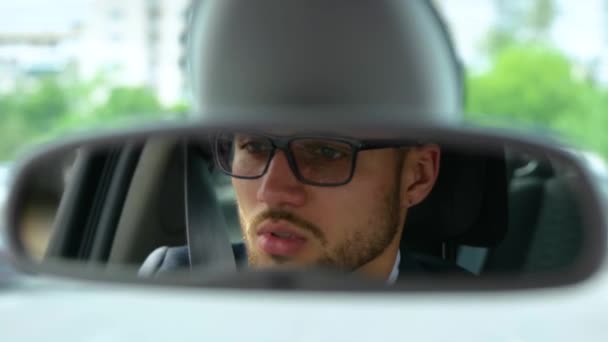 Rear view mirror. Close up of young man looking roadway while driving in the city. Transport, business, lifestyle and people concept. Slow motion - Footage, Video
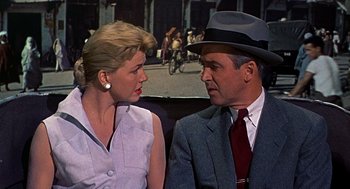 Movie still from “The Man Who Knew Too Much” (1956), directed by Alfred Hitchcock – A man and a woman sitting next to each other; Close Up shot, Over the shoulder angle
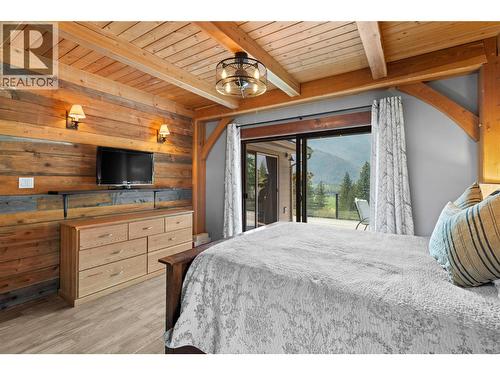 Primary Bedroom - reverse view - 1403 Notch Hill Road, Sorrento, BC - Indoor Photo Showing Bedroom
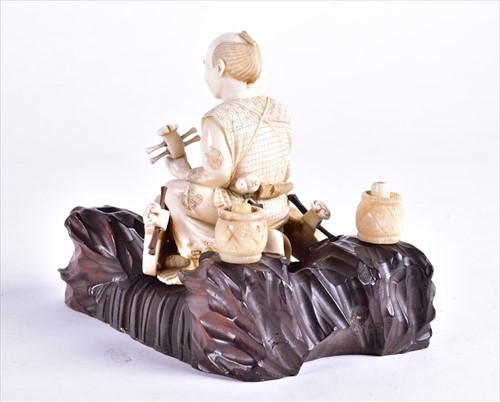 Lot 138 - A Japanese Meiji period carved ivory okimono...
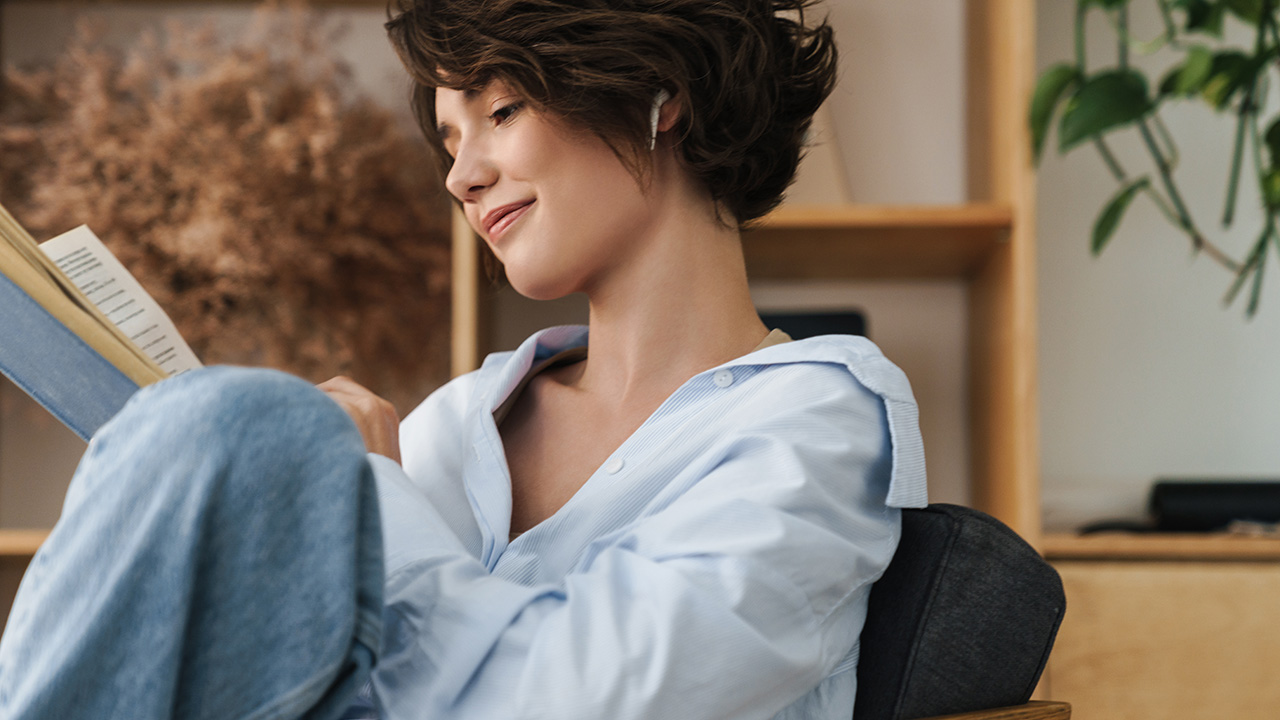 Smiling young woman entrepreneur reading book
--
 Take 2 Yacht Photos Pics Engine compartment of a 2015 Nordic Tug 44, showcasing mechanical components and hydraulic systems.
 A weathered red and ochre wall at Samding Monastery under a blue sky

__Problem statement__:
Going by the entries above, repeat exactly the lines that start at the line with "Rear view mirror." and go on through the line with "Movie still from". Pictures are not part of the copy.

__Expected answer__:
 Rear view mirror. Close up of young man looking roadway while driving in the city. Transport, business, lifestyle and people concept. Slow motion - Footage, Video
 Movie still from “The Man Who Knew Too Much” (1956), directed by Alfred Hitchcock – A man and a woman sitting next to each other; Close Up shot, Over the shoulder angle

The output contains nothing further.